Sprinkle in the marjoram and thyme and give it all one more quick stir then pile the vegetables to the sides of the pot to make room for the roast in the middle. With the roast nestled in the vegetable nest, pour in the wine and stock until the roast is submerged. Cover the pot and put it into the oven. Plan on about 45 minutes per pound.  After that time has passed, pull the pot out, remove the lid and test the meat. To do so, plant one fork firmly into the meat. Impale the meat with another fork as deep as you can and give it a twist. If the meat gives and lets you twist the fork, it’s done. If not, give it another half hour and try again.
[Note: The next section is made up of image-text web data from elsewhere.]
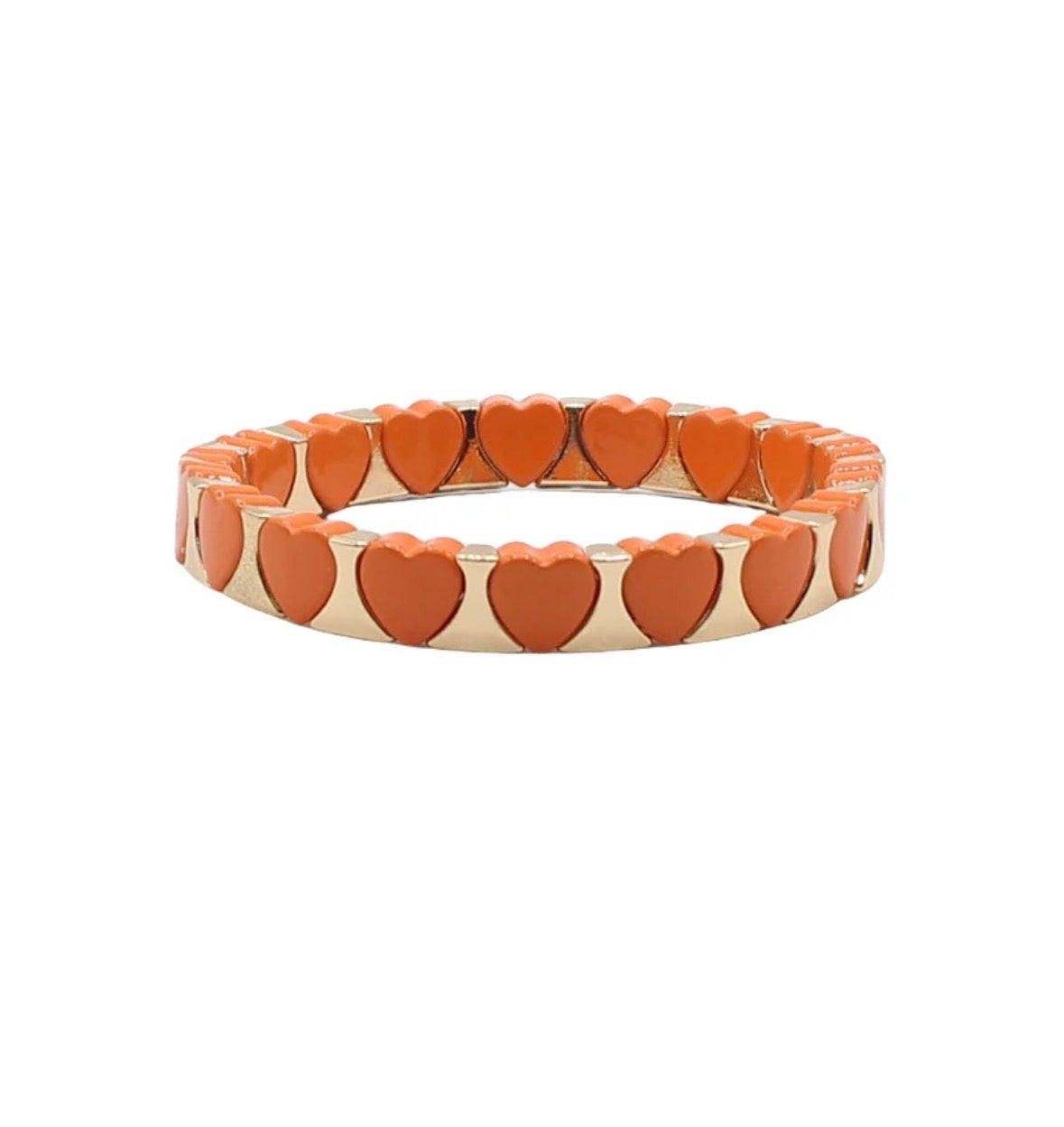 Heart  Candy  Stretch Bracelet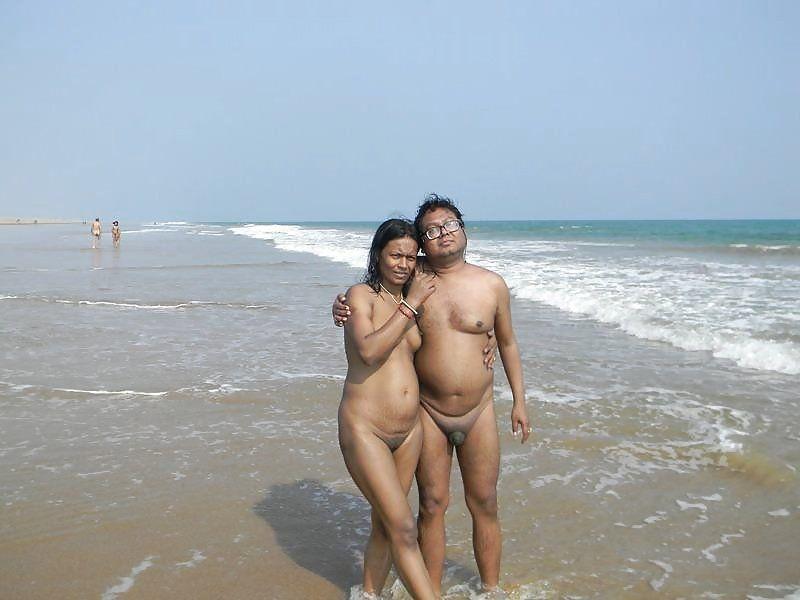 Desi nude couples on beach 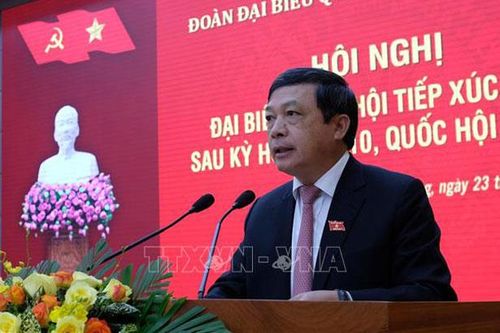 Đồng chí Đoàn Văn Việt được bổ nhiệm làm Thứ trưởng Bộ Văn hóa, Thể thao và Du lịch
When the meat is done, remove it to a plate and cover it with foil. Put the pot on a burner over high heat and bring the remaining gravy to a boil to thicken it. If you need additional help bringing it to the right consistency, mix a slurry of milk and flour in a bowl and whisk it into the boiling gravy a little at a time. Until you have the consistency you’re looking for. Taste it and at salt and pepper as needed. (side note about pepper – ounce for ounce, when I’m cooking I probably go through more ground white pepper than black. It adds a completely different dimension than black – warmer, less spicy – and it doesn’t leave lots of little black specks in my food. Give it a try.)

Slice that delicious, tender meat as best you can without it falling apart too much. Thicker is better. Serve each slice on an island of mashed potatoes floating in a moat of gravy. Mashed potatoes with goat cheese are good. Or cheddar. Or cheddar and horseradish. Or garlic. Or. . you get the idea.